▼

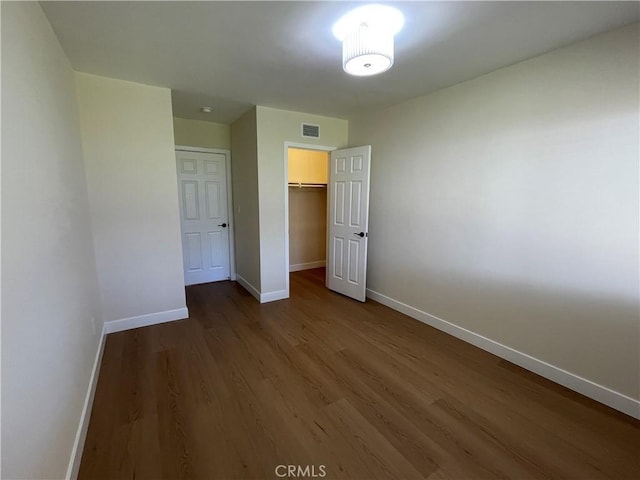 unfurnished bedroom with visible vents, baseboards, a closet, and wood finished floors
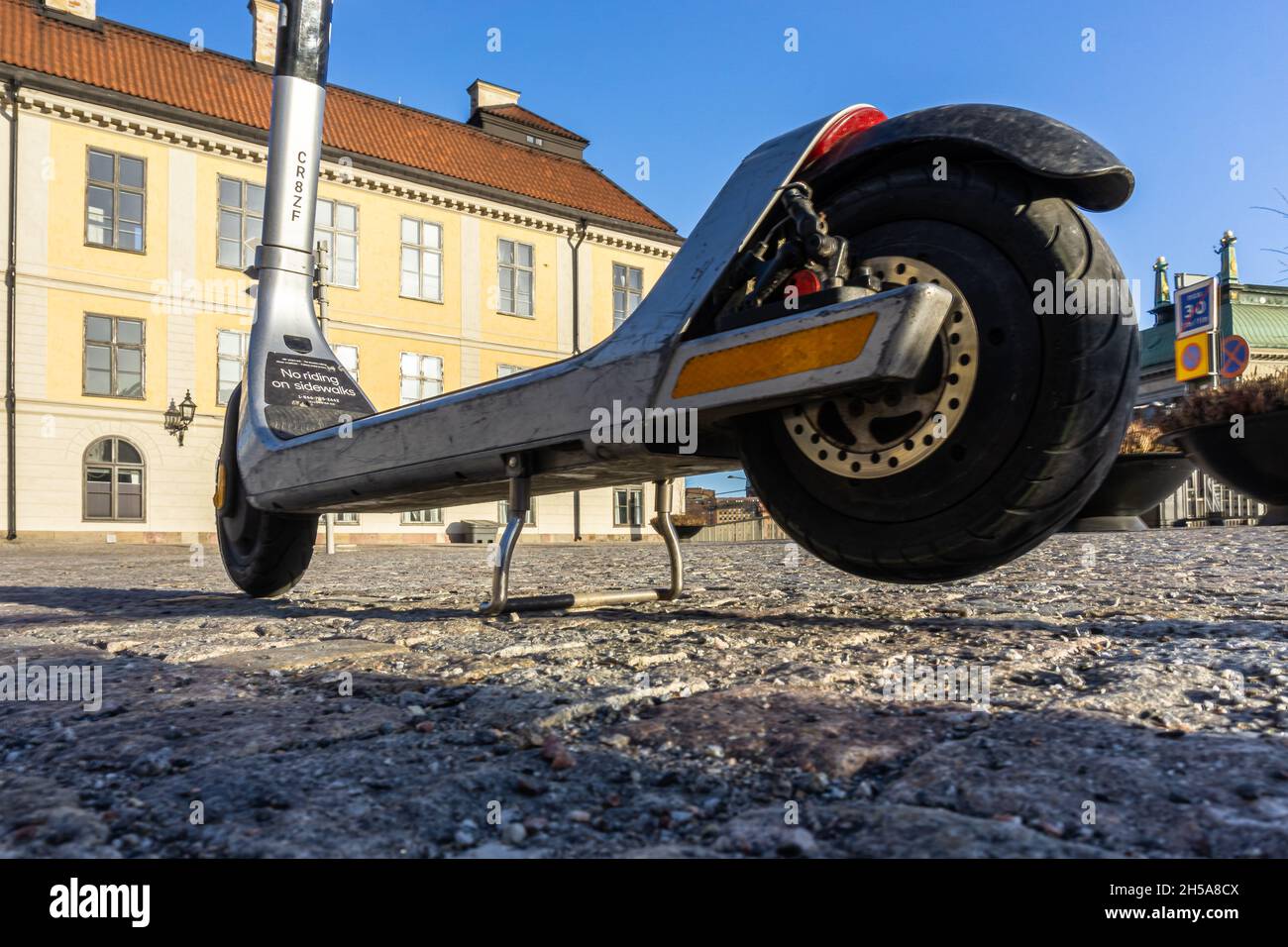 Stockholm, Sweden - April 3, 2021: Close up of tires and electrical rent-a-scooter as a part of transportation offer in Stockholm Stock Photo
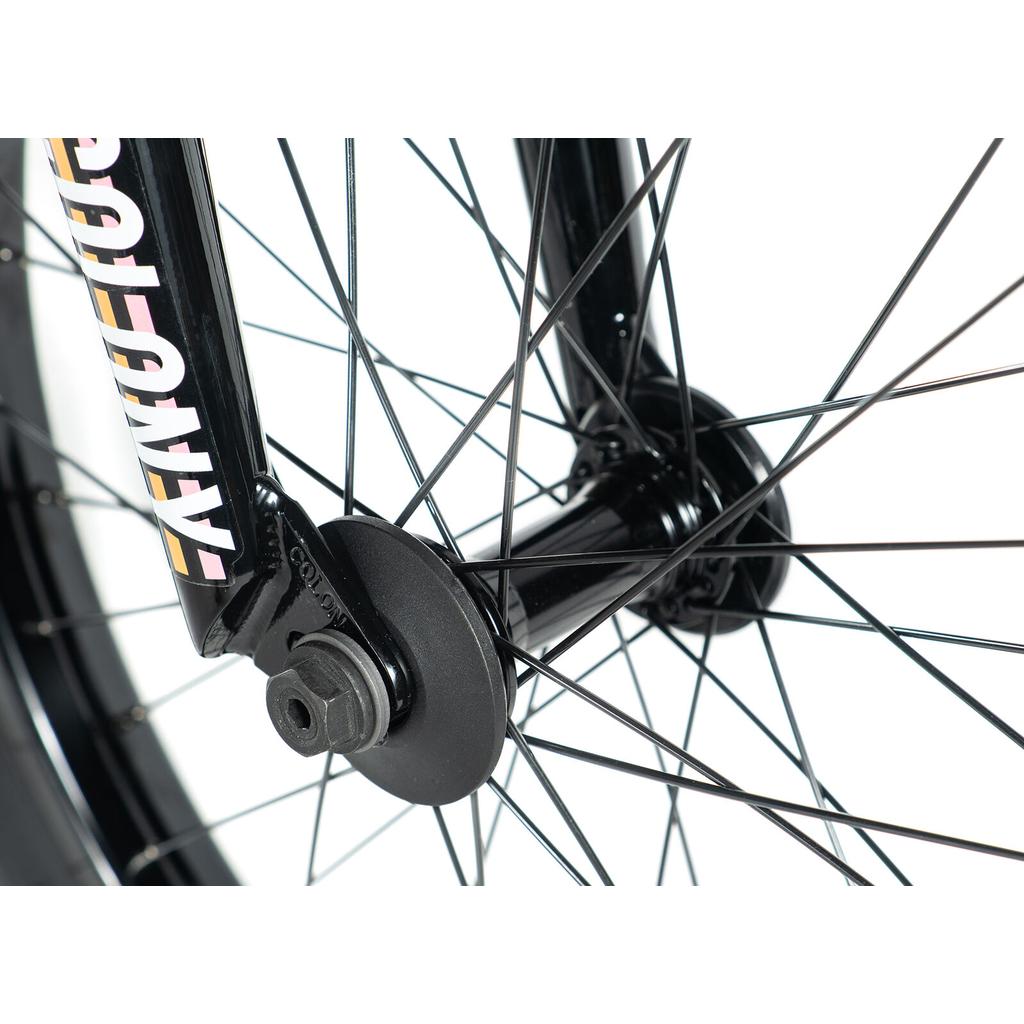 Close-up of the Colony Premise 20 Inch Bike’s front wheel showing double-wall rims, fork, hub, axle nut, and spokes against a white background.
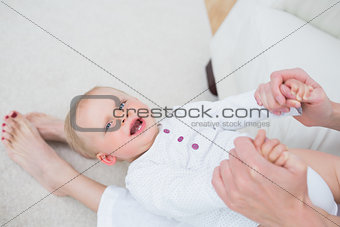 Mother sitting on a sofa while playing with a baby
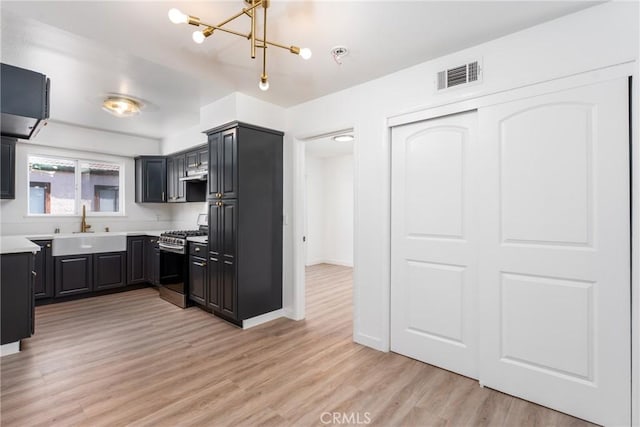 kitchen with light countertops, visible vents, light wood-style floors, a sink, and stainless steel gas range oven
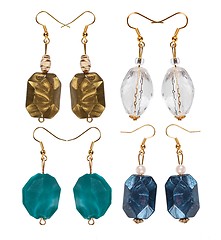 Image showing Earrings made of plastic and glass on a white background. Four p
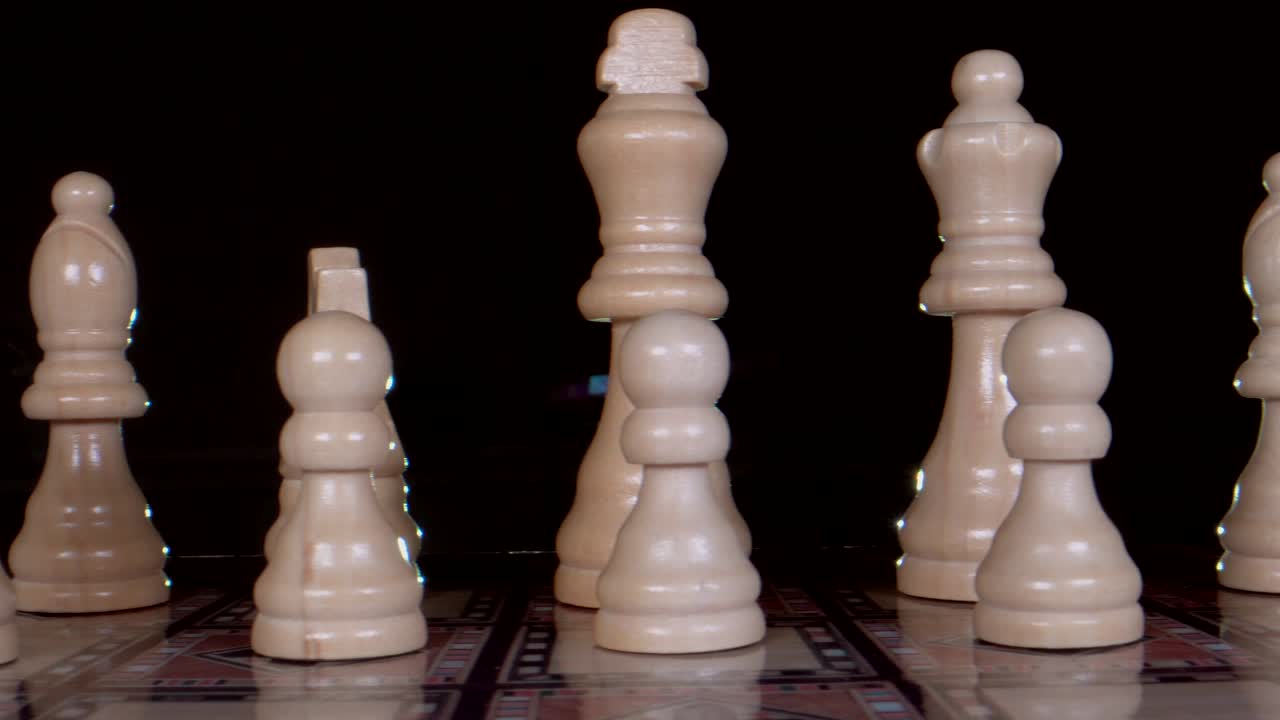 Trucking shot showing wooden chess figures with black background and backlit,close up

▲

**About this task**
Only the lines from the line holding "kitchen with light" through the last line above belong in the answer, repeated exactly; the pictures do not.

**Expected output**
 kitchen with light countertops, visible vents, light wood-style floors, a sink, and stainless steel gas range oven
 Image showing Earrings made of plastic and glass on a white background. Four p
 Trucking shot showing wooden chess figures with black background and backlit,close up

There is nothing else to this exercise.